A photographer explores an icon of contemporary African-American culture. | Features | Pittsburgh | Pittsburgh City Paper

A photographer explores an icon of contemporary African-American culture. 

The interiors of the Johnson building are so rich and fantastical that resonate emotionally and intellectually as well as visually.

click to enlarge David Hartt's photograph "Kiosk"
  • Courtesy of the artist and Corbett vs. Dempsey, Chicago
  • David Hartt's photograph "Kiosk" (2011)

David Hartt's Stray Light is an ode not only to a building, but to an era. His installation work resonates so profoundly with me that I hope you'll forgive a moment of nostalgia for the city of my youth.

Chicago in the 1970s was quite a different place than it is now. At evening rush hour in the Loop, hordes of office workers, in their standard beige overcoats, would stream across the bridges to commuter trains bound for the predominantly white suburbs. Downtown would be deserted save for the few restaurants that catered to those headed to an evening concert or performance. Race, ethnicity and class rather strictly demarcated the rest of the city's neighborhoods.

My family lived on the South Side, in one of the few integrated neighborhoods. When we ventured north for the evening, I would relish the return trip along Lake Shore Drive, from which you could see the magnificent skyline with its twinkling lights. It was easy to recognize the buildings along Michigan Avenue by their distinctive marquees. And while the understated brown sign atop the Johnson Publishing Company headquarters was not neon or flashy, its formidable elegance was palpable. You always knew it was there, its very presence speaking volumes about the country's shifting cultural and political terrain.

Hartt is from Canada and now lives in Chicago. Through his video installation, you sense that he too has an emotional connection to the era and to the Johnson building, a particularly powerful testament to time, place and race. Designed by John Moutoussamy, the building complemented the other modernist showcases around the city, which was home to visionaries like Mies van der Rohe.

As publisher of Ebony and Jet magazines, John H. Johnson and his wife, Eunice Walker Johnson, built a media and cosmetics empire focused on African-American lifestyles. In 1971, the newly constructed Johnson Publishing headquarters opened on Michigan Avenue, the first major building in downtown Chicago designed by an African-American architect. While the exterior was minimal and understated, the interior reflected the era's aesthetics — bold, colorful, expressive and, in this case, distinctly Afrocentric.

Unaltered since, the interiors are clearly midcentury. Designed by Arthur Elrod, each floor and private office had a different character. With a flair and style that combined pattern and texture with contemporary furnishings and unique designs, the spaces were hip and avant-garde, presenting a new twist on the modernist canon.
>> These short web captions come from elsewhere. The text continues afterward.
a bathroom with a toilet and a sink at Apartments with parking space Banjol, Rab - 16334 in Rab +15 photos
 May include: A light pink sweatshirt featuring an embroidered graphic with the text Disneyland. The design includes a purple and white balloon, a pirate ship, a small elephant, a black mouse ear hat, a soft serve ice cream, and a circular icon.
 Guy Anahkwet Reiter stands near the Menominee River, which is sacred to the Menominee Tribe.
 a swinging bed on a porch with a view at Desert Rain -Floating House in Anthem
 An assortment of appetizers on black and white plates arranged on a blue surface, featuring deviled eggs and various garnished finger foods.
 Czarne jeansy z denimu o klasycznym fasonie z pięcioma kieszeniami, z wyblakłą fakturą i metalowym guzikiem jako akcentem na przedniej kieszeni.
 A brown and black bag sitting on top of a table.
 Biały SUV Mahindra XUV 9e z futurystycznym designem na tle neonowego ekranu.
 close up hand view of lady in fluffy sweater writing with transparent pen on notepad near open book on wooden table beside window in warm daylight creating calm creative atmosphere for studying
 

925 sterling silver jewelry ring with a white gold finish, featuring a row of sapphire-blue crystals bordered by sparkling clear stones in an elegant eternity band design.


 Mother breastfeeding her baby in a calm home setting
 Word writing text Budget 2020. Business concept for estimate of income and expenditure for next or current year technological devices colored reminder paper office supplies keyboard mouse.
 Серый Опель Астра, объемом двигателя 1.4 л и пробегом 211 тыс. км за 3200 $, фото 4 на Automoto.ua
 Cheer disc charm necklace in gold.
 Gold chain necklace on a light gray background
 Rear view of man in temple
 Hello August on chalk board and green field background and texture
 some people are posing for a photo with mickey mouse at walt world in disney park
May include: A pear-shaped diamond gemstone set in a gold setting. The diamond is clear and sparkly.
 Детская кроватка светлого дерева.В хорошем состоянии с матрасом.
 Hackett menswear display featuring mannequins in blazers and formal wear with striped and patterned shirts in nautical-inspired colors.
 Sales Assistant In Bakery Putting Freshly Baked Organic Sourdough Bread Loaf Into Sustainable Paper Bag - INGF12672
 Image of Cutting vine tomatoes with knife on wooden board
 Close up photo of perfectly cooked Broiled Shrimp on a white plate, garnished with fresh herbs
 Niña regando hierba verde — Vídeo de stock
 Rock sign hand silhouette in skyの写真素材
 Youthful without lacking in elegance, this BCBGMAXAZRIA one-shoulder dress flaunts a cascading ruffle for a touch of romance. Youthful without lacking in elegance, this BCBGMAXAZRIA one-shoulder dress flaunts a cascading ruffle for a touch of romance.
Stray Light is not simply a portrait. Hartt presents the building's interiors with a moving and reverent eye, and a sense of awe, nostalgia and wonder. Rarely seen by outsiders, the offices were made available to Hartt by Linda Johnson Rice, now chairman of her parents' company. Thanks to Michael Darling, of the Museum of Contemporary Art, Chicago, Hartt was permitted to investigate the inner workings of the building and the company, as both a cultural icon and a seminal African-American business.

Many of Hartt's previous works have examined how the built environment reflects particular ideologies. He has explored urban farming, hippie communes and company towns through photography. For Stray Light, he used film for the first time to create an installation. The 12-minute film, accompanied by a musical score by Nicole Mitchell, allowed Hartt to present a real-time, nuanced and emotional narrative. The film, still images, sculptural components and a replicated carpet combine to momentarily transport the viewer into the inner sanctum of a legacy.

Hartt often relies on the clinically detached yet still seductive approach of the Dusseldorf School of Photography. Here, the interiors of the Johnson building are so rich and fantastical that they yield something that resonates emotionally and intellectually as well as visually. In addition to playing with the conventions of landscape versus portraiture, Hartt's camera mines the conceptual territory specific to this particular business and its history. Not only does he capture the workaday world behind the glossy pages of the magazines, but he also explores the boundaries between public and private while making reference to the publishing industry's shift from paper to digital. Ultimately, underlying all of this is a complex story about the changing nature of culture, particularly as it relates to race.

Using images captured prior to the building's recent sale to Columbia College, Hartt's installation works on many levels. It is a portrait, a document, a tribute, a reverie, a celebration and a dirge. Johnson based his business strategy on an ideology that focused on African-American success and aspirations. It is because of this that Stray Light is so poignant. While much has changed culturally since the 1970s, the role of the Johnson Publishing Company is not yet obsolete, and even though the headquarters have moved, the building and its signature marquee will remain, a testament to a vision that has had a lasting impact on American culture.